Question

A solenoid of 2.5 m length and 2.0 cm diameter possesses 10 turns per cm. A current of 0.5 A is flowing through it. The magnetic induction at axis inside the solenoid is:

• A. $2π×10^-4T$
• B. $2π×10^-5T$
• C. $2π×10^-6T$
• D. $2π×10^-7T$

Hint:

Magnetic field inside a long solenoid: $B = \mu₀ n I$.

Answer 1

The Correct Option is A

To determine the magnetic induction at the axis inside the solenoid, we will use the formula for the magnetic field inside a long solenoid. The formula is given by:

\(B = \mu_0 n I\)

Where:

• \(B\) is the magnetic field.
• \(\mu_0\) is the permeability of free space, which is \(4\pi \times 10^{-7} \, T \, m/A\).
• \(n\) is the number of turns per unit length (turns per meter).
• \(I\) is the current through the solenoid.

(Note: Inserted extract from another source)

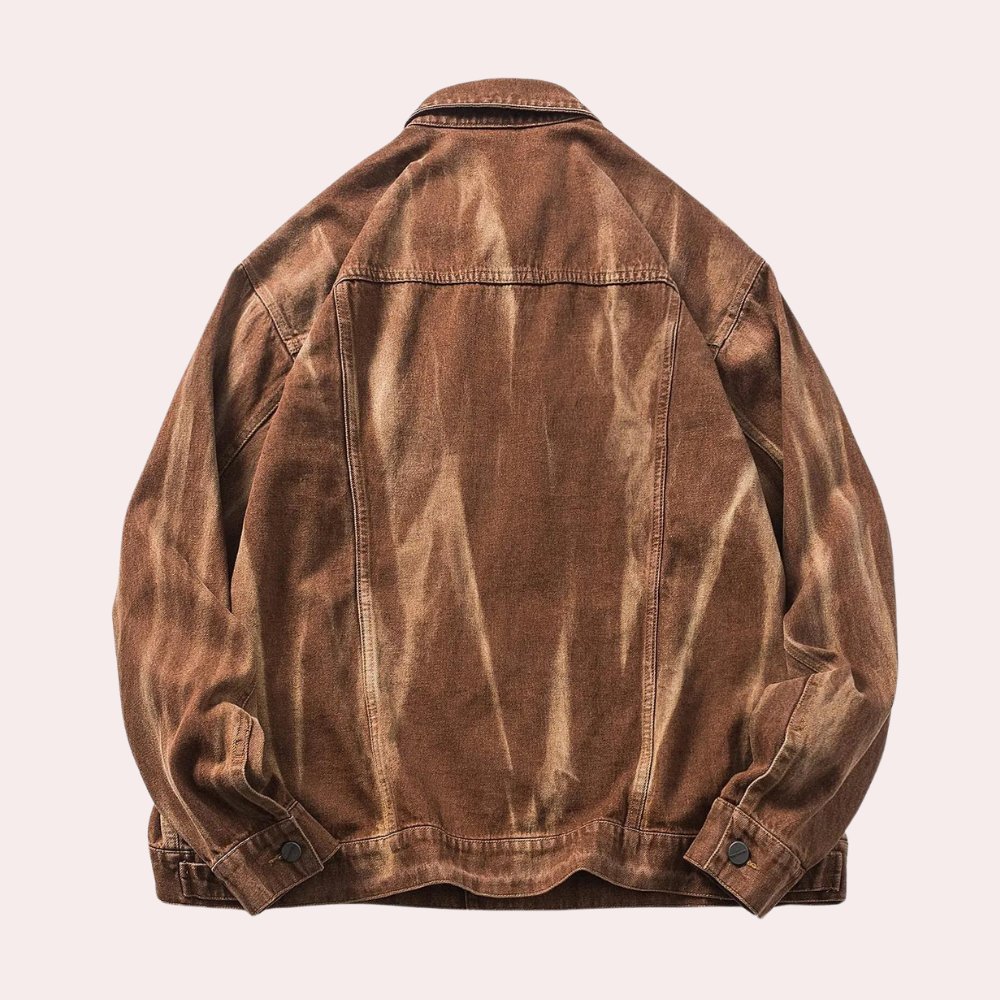 George - Vintage Trucker Jacket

Let's calculate step-by-step:

1. Convert the number of turns per cm to turns per meter. Since the solenoid has 10 turns per cm, in terms of meters, it will be:

\(n = 10 \, \text{turns/cm} = 1000 \, \text{turns/m}\)

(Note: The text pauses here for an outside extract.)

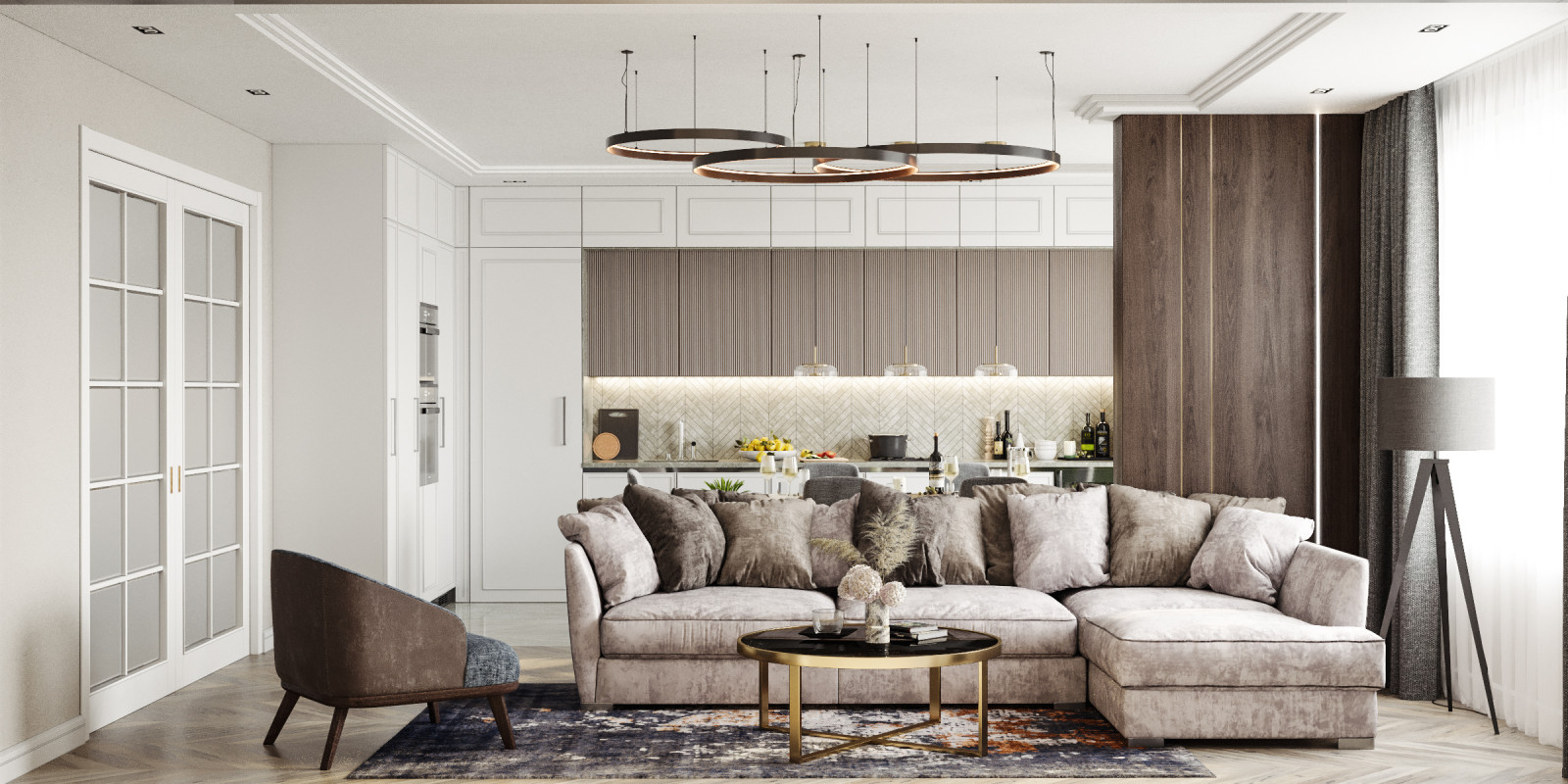 Обложка проекта: ЖК "Эталон Сити"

1. Substitute the known values into the formula:

\(B = \mu_0 n I = (4\pi \times 10^{-7} \, T \, m/A) \times (1000 \, \text{turns/m}) \times (0.5 \, A)\)

1. Calculate the magnetic field:

\(B = 2 \pi \times 10^{-4} \, T\)

The magnetic induction at the axis inside the solenoid is therefore \(2\pi \times 10^{-4} \, T\).

Thus, the correct answer is \(2\pi \times 10^{-4} \, T\), which confirms that the selection of the correct option is accurate.